I found this site which explains the principles of "fly-by-wire".

Airbus "fly-by-wire" (http://www.airbus.com/pdf/customer/fast20/p2to9.pdf )

Marcel_MPH

wrenchbender
26th May 2004, 00:14
Marcel; The incident you are referring to was caused by the fact that the technicians had to replace the electrical connector that the ELAC computer mates with in the electronics rack. When installing the wires in the new connector, several got crossed, causing the captains stick to command a left vs a right roll, and vice versa.

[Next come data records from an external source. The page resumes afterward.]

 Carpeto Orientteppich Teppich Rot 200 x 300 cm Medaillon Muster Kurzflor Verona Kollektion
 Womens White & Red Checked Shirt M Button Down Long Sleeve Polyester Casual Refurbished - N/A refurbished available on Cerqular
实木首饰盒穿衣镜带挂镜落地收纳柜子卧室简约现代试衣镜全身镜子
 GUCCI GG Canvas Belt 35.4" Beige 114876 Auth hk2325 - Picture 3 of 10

The flight control surface position indications on ECAM are directly displayed from position transmitters on the surface itself, not from whatever is being commanded by the stick.

Marcel_MPH
26th May 2004, 07:31
So if the pilots monitored the ECAM closely before flight they could have seen the problem and take appropriate action....

Marcel_MPH :cool:

FlapsOne
26th May 2004, 09:24
Thinking about this logically (cos I haven't got an engineering brain) wrenchbender must be right.

The sensors will pick up surface movement, irrespective of stick deflection, and will 'lock out' mis-behaving items (plus their opposite number).

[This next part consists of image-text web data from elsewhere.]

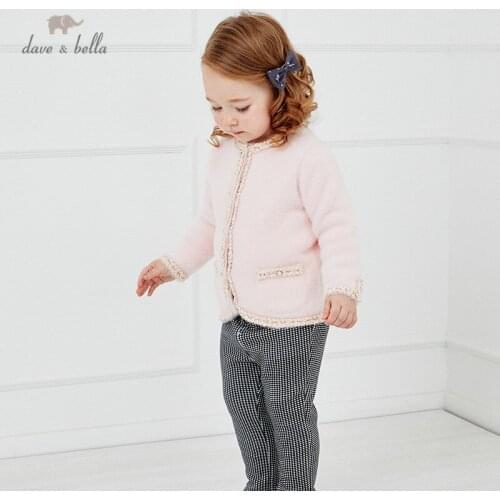 DB15668 dave bella winter infant baby girls fashion solid pockets cardigan kids toddler coat children cute knitted sweater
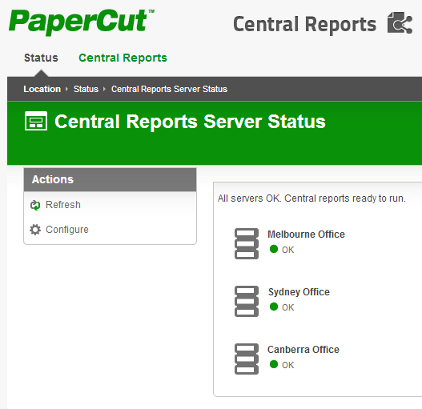 Central Reports Status Tab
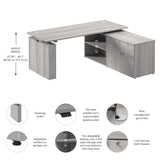 Bush Business Furniture SUT020PG Stratus 72W x30D Electric Height Adjustable Standing Desk with Storage in Platinum Gray with Metallic Gray Base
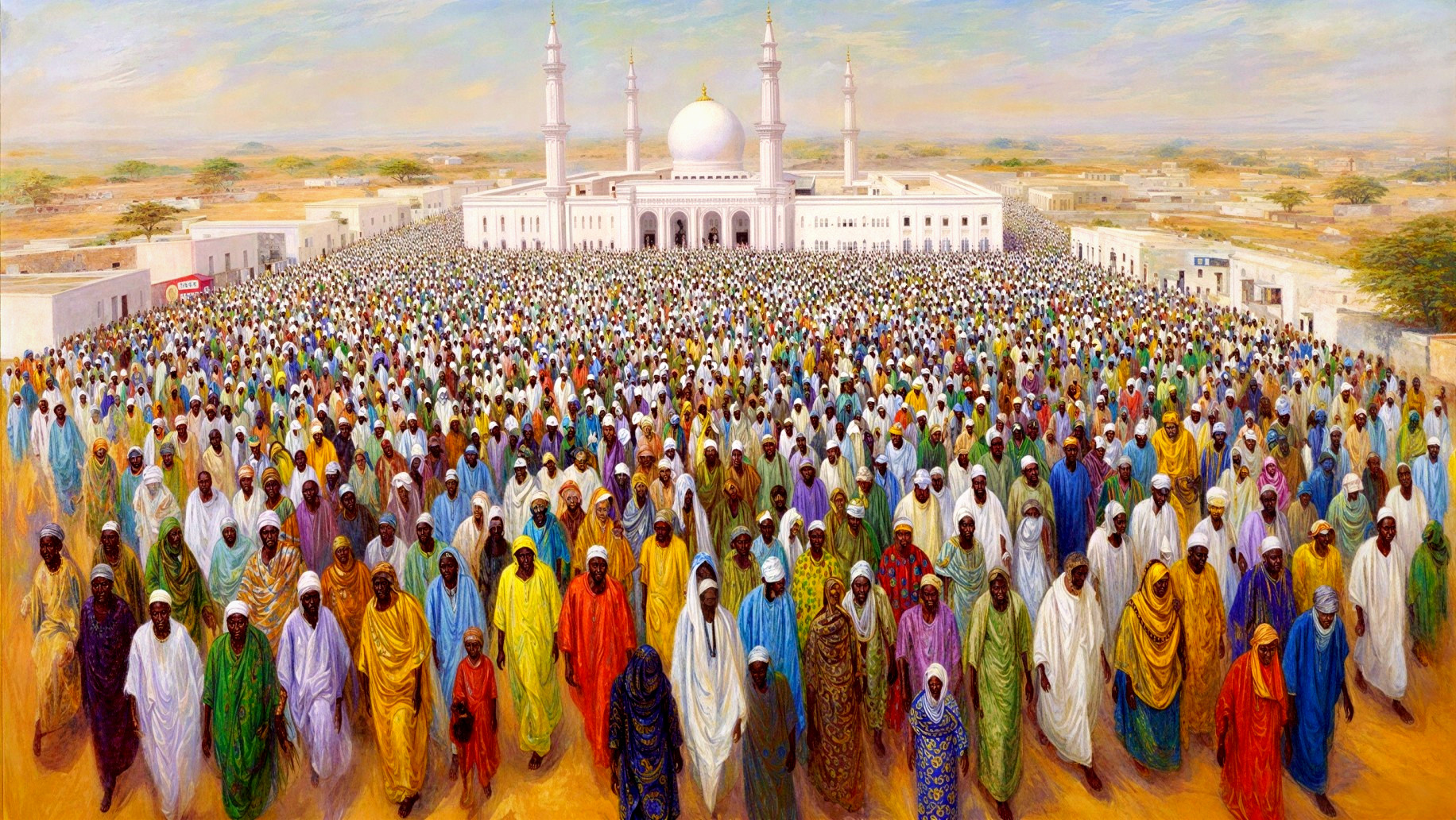Massive Gathering at a Grand Mosque in Oil Painting
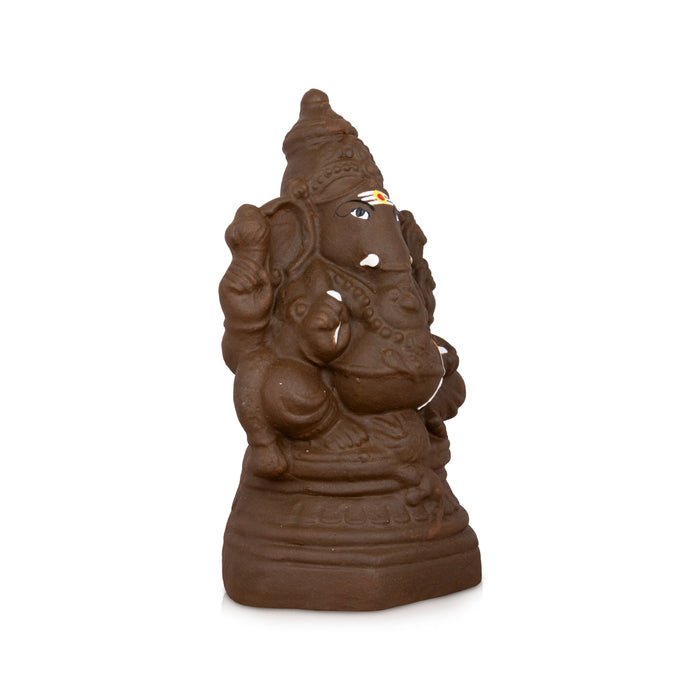 Eco Friendly Ganesha Idol - 10.5 x 6 Inches | Clay Statue/ Ganpati Idol/ Ganesh Chaturthi Decoration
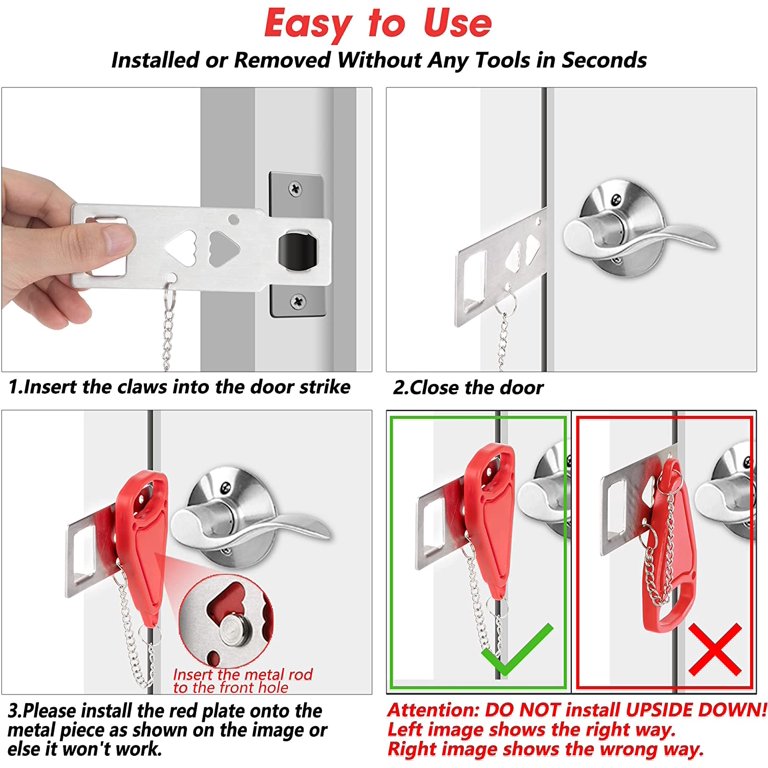 Portable Door Lock - Extra Security For Hotels, Apartments & Travel, Black Stainless Steel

The way we currently do the flt ctl check pre-flight HOPEFULLY would pick up any anomaly. We have ditched the routine order of UP DOWN LEFT RIGHT in favour of a random order so that there is less chance of 'reading a script' and more chance of 'saying what you see'.

Interesting topic.

Lemurian
26th May 2004, 11:04
Hello,
this is the link to the incident :
http://aviation-safety.net/database/2001/010320-0.htm.
After the incident,many operators have insisted on a proper x-check of trhe FC position.As Flapsone suggests,one pilot pushes controls to max deflection the other announces "full left/right..."

Marcel_MPH
26th May 2004, 12:27
Now I've read the investigation report I understand why the crew didn't pick up the malfunction since the "flight control check" wasn't included on the after start checklist at the time.

Luckily the PNF responded quickly and prevented another disaster.

Marcel_MPH :cool:

square leg
28th May 2004, 22:47
Back then I believe LH only checked what happened on the PFD during the F/CTL check, i.e. "+" up-down & left-right as opposed to watching the SD F/CTL page. That has changed.

Then, back then maintenance were only required to check one (1) sidestick after such a maintenance procedure. That has also changed since. Now both sidesticks are checked.

This just shows where the chain of events can start. Sometimes as far as the design of aircraft.

Safe flying:ok:

SimJock
30th May 2004, 19:27
I am very surprised that the ELAC's didn't generate an ELAC Fault of some description after this wiring mistake. They seem to complain readily about far less important problems and something like a stick being wired incorrectly should have promulgated a fault warning IMHO.